I HAD A PLAYGROUND you could not imagine. Thousands of people drive over it every day, and they can’t imagine it either. There was water. There were fish. Drive softly, for breakfast swam here.
There were seashells, sandstone and a dash of sandy beach. There was a pretty wooden footbridge. The naval training shed, HMNZS Ngapona, now landlocked and jutting into the motorway, stood on legs above the waves. There were skids and boatsheds along a rocky shore.
Looking north-east you saw old ships—scows, coasters, barges. There was the slog of the maul, the tok-tok of the caulking mallet and the distant racket of steel riveting. There were slips and greasy ways down which craft slid freshly repaired or wood-shaving new. There was Casey’s sawmill, with rafts of logs corralled and ready for hauling up a ramp into the screaming ripsaw. There was the chuff-chuff of steam power; the shriek of the knock-off whistle; the smell of wet sawdust.
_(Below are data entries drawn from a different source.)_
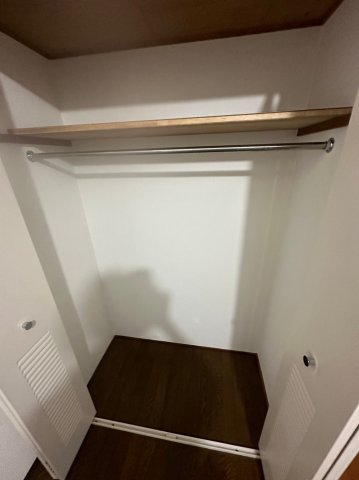 収納　丈の長いお召し物もかけられるクローゼット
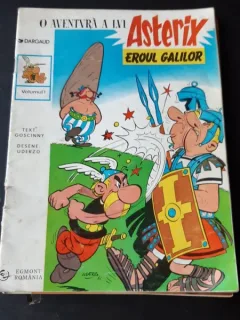 ASTERIX, VOLUMUL 1O AVENTURA A LUI ASTERIX EROUL GALILOR - R. GOSCINNY, A. UDERZO  CARTE CU BENZI DESENATE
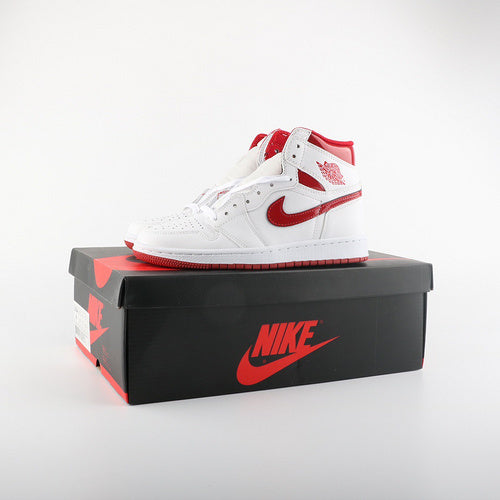 Air Jordan 1 Retro High OG metallic red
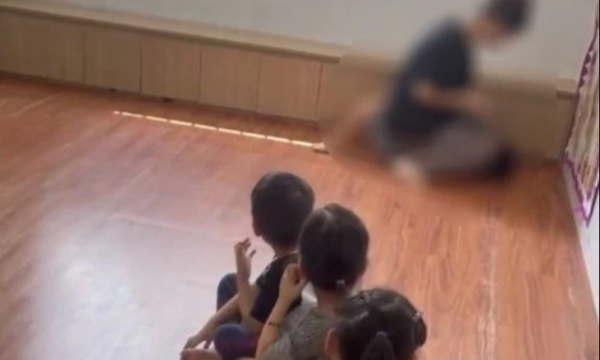 TP HCM: Điều tra cô giáo mầm non ngồi lên trẻ để cho ăn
Watermen went hazing along in grey punts, sculling one-handed with long sweeps of the oar over the stern. There were rickety jetties. Sturdy tugs with rope-scarred bollards and car tyres for body armour butted about; great coir hawsers rose dripping and twanging from the sea. Ocean-going ships went up the 600-tonne harbour board slipway, to be released later with a mighty rumble of iron wheels and a whoosh as they hit the water.
We saw it all some 70 years ago from the sun porch of our little cliff-top house at the city end of Auckland’s St Marys Bay. But no more. What we see now—for we’re still there—is an eight-lane motorway carrying more than 170,000 cars a day and an immaculate array of 1500 pleasure craft in New Zealand’s largest marina—Westhaven—with a matching display of superyachts at Orams, on the eastern shore, where the mills and shipyards were.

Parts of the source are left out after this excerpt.